If you’ve ever picked up a book from your local library, bookstore, or online retailer and thought to yourself, “how was this printed,” “why is the cover bound like this,” or “what are these fancy ripped edges called?” buckle up, because this post is for you. Book printing is one of the last parts of a book’s journey before it gets shipped out to your local bookstore, and there are different types of printing used throughout the industry.
Offset printing is typically used for large scale commercial print runs by larger publishers, like Penguin Random House, HarperCollins, and Pan Macmillan, since this type of printing can be costly for smaller print runs. This is because this type of printing uses metal plates specifically created for each page. Rubber is melted onto each plate to form the interior of the book. Depending on the dimension of the pages, the plates can have anywhere from eight to thirty-two pages per plate, which means that there are often dozens of plates per book. After the plates are made, paper, often in reels, is loaded into the printer and the plates are used to transfer ink to the paper. Then the pages are sectioned, bundled, trimmed to size, and readied to be bound with the cover. The cover is printed on a separate type of paper and uses a different process than the interior because it may require specialty printing like embossing, foil, or other detailing. Once each component is complete, the whole is assembled and glued together.

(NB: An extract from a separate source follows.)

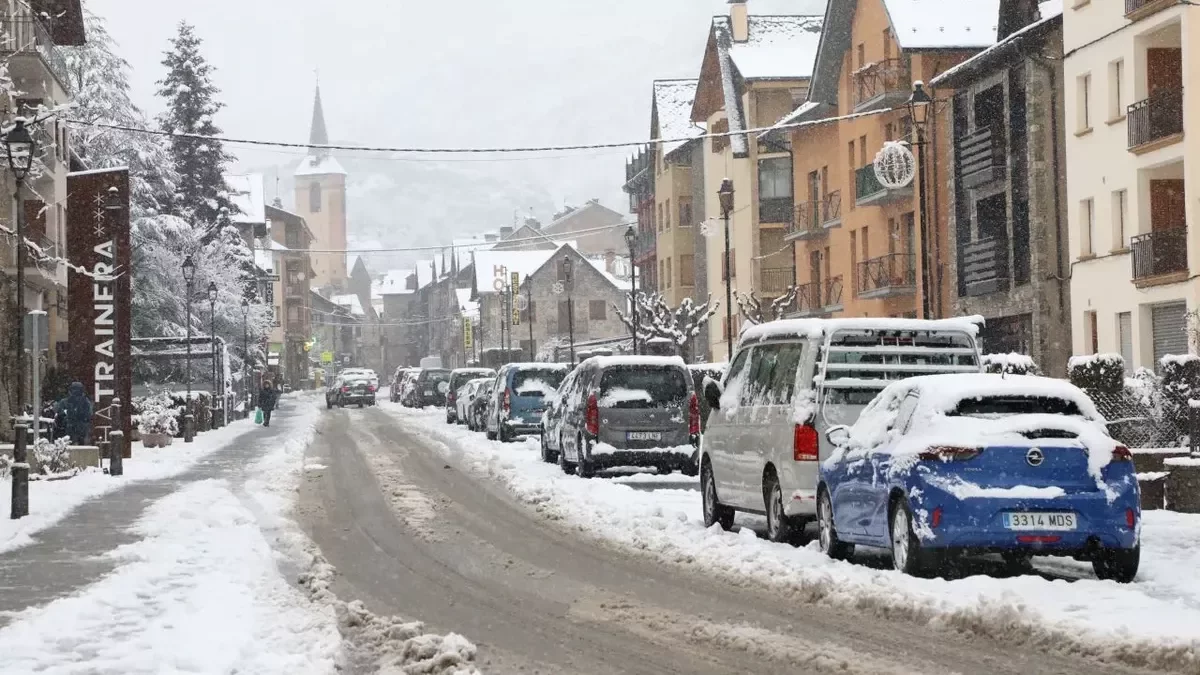 Esterri d’Àneu, en una imatge presa després de la nevada del dia 22, és un dels 7 pobles amb personal funcionari d’habilitació estatal. - EDGAR ALDANA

Digital printing is very similar to your at-home printer only on a larger, much higher quality scale. This type of printing is often used by smaller or indie publishers as it is more cost effective for smaller print runs. Once the digital file is received by the printer, they set to work trimming paper, in stacks rather than reels, to fit the printer. The pages are loaded into the machine and sent through the printer. Instead of printing with ink, digital printing uses toner and completes one book interior in order, where offset is completed in sets of pages called signatures then compiled in the right order post printing. Once again, the cover jacket is printed using a different machine and then the interior and cover are joined together using glue.
You can watch a quick video about PNW-local printer Gorham Printing’s process here: How Are Books Made?
Embossing & Debossing
Covers are their own unique print process for both offset and digital printing. Often they contain details that are not in the interior like embossing or debossing. Embossing is when the cover is pressed between two plates to create a raised design in the paper. Debossing is the exact opposite where the design is indented rather than raised. Usually debossing is combined with details like foils or metallic ink, but not always.
Those books with the ripped pages are created intentionally in modern publishing, but actually used to be considered a defect of the papermaking process. They are called deckled edges or simply rough cut pages. These edges give some books a more antique look and are simply a design choice.
Another fancy way to spice up a book’s pages are gilded edges. Foil or metallic ink is painted onto the edges of a bound book to create a more refined edge. This is often used in special editions. A really common example is the gold or silver edges found on bibles.
There are many more terms, techniques, and processes that can be found in book printing. But the basics have been covered above. The size of the print run, the details on the cover, and the overall appearance of the book depends on the ever evolving printing process.